どの街もだがマフィアが昼に手を出してくる事は滅多にない、人気の多い場所では特にだ。大体は夜に揉め事が起きる。
だから取り敢えず夜までは繁華街でモスティマと食べ歩きをする事にした。
それにこっちにとっても夜が好都合だからだ。なんてたって今日で奴らのマフィアを壊滅させるんだからな。
「それにしてもここは街の変わり具合が面白いな龍門のスラム街と活気ある近代街のギャップも良いがここは高層ビルがあるにも関わらず古風の建物も入り混ざってる。」
「そういった街の中の違いを見るのも食べ歩きの醍醐味だね。」
「ほんとほんと…あむ。美味かった。ごちそうさん。」
モスティマの言葉に同意しつつ、残ったアイスクリームのコーンを噛み砕いて飲み込む。
「あ、ケイオス。ほっぺにアイスが付いてるよ」
「マジか、どっち?」
「左だね。」
「お、ありが…」
俺は頬にアイスが付いてるのを指摘され自前のハンカチで拭おうとした。

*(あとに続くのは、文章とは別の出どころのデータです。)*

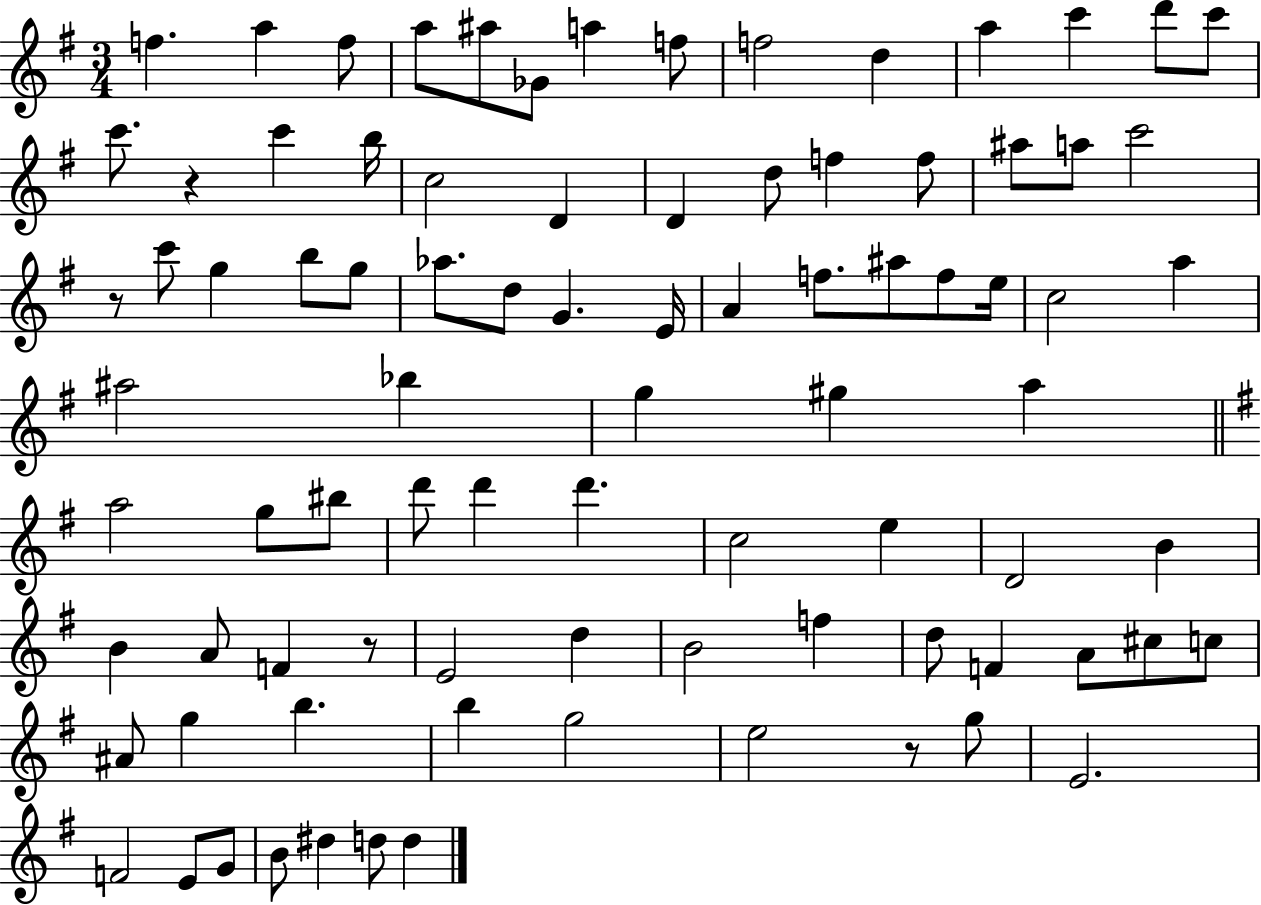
X:1
T:Untitled
M:3/4
L:1/4
K:G
f a f/2 a/2 ^a/2 _G/2 a f/2 f2 d a c' d'/2 c'/2 c'/2 z c' b/4 c2 D D d/2 f f/2 ^a/2 a/2 c'2 z/2 c'/2 g b/2 g/2 _a/2 d/2 G E/4 A f/2 ^a/2 f/2 e/4 c2 a ^a2 _b g ^g a a2 g/2 ^b/2 d'/2 d' d' c2 e D2 B B A/2 F z/2 E2 d B2 f d/2 F A/2 ^c/2 c/2 ^A/2 g b b g2 e2 z/2 g/2 E2 F2 E/2 G/2 B/2 ^d d/2 d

が
「あーんむっ…」
「………は!?!!?」
モスティマが突然頬のアイスをその青い舌で舐めとった。
「な、ちょ、おままま…!?」
「ん、いいねこの味、丁度良い甘さかも」
「あぁ、良いフレーバーだろ…じゃねぇよ!?いきなりこんな事してくるなんて狂ってんのかモスティマ!?」
急な行動に驚く俺を見てモスティマは笑った。こ、コイツ〜!人が初心な反応してる所笑いやがって…!俺だって羞恥心ぐらいあるんだぞ!と言いかけてその言葉を飲み込んだ。危ない危ない…

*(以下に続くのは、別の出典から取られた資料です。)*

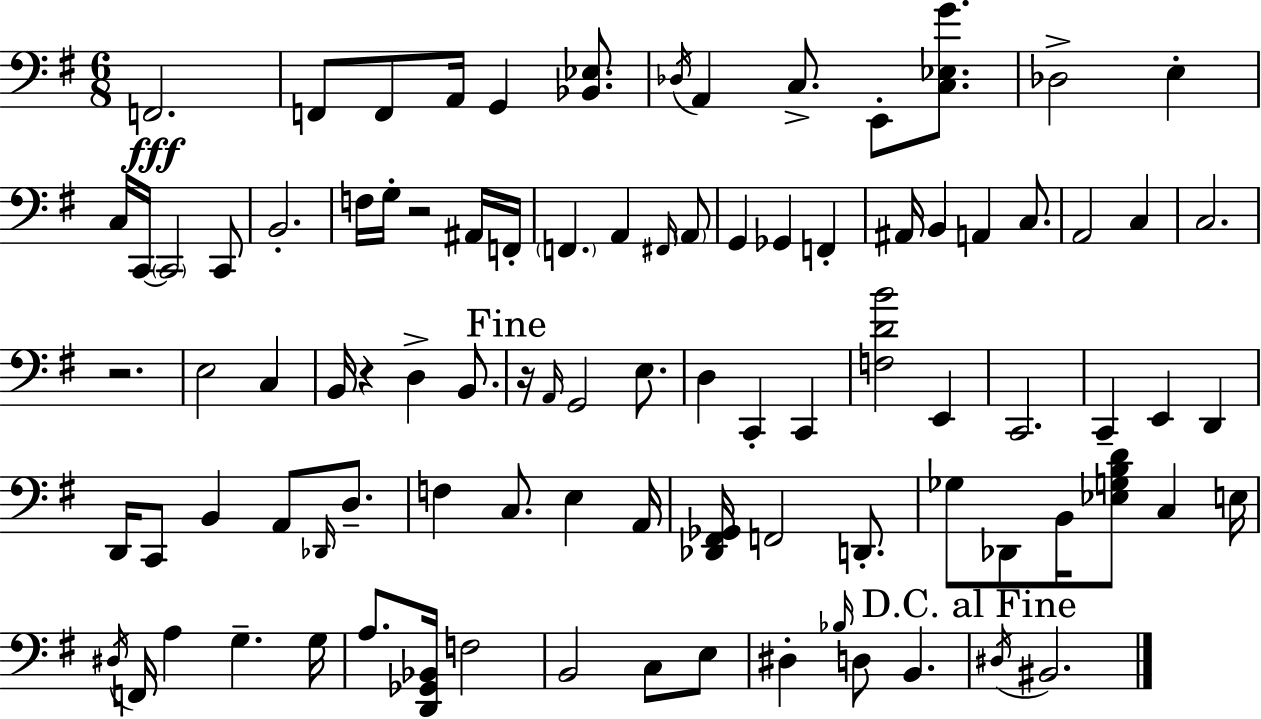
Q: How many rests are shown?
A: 4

「フフッ、そんな驚いた君を見るのも久々だね。でも確かにちょっと私は昂ってるのかも知れないな」
「昂ってるねぇ…昂る理由が分からんよ俺には…」
そう言うとモスティマは真っ直ぐ俺の方を向いて言ってきた。
「いや、原因は君だけど。」
「あの村の時といい、なんで原因が俺なんだ?確かに久々だが…」
「君があの日、私に有無を言わせず消えたからじゃ無いか」
「……それに関してはすまないと思っている。付き合いが長かったお前に別れ言葉だけ言って去っていったんだからな。」
「あの後、私は結構悲しんでいたんだよ?あまりに突然過ぎたし、卒業間際だったけどまだ君と居られると思っていたからね。だからあの日に君がいなくなるなんて考えてもみなかった。」
「……うむ、何も言い返せんな」
「まぁ、あの後公証人役場の機密事項を見て何があったかは知っているけどね…それに…」
「それに…?」
そう聞くとモスティマは自身を嘲笑うように言った。
「あれだけ一緒に居たのに気付けなかった自分に嫌気がさしたのさ。」
「…はっ、お前が気にする事じゃねぇよ。俺が敢えて言わなかっただけだ…」
「あの時の私はそんなに頼りなかったのかな…?」
俯きながらもグッと俺の腕を握ってくるモスティマ
「そんな事は…」
そんな少し感情的になっている珍しいモスティマを前に俺は少し口淀んだ。頼りなかったわけではないが、無駄な心配はあまりかけたく無かったのだ。それにいくらモスティマとは言ってもあの環境じゃきっとどうにもならなかっただろう。まぁだからこそのあの結果だったわけだが。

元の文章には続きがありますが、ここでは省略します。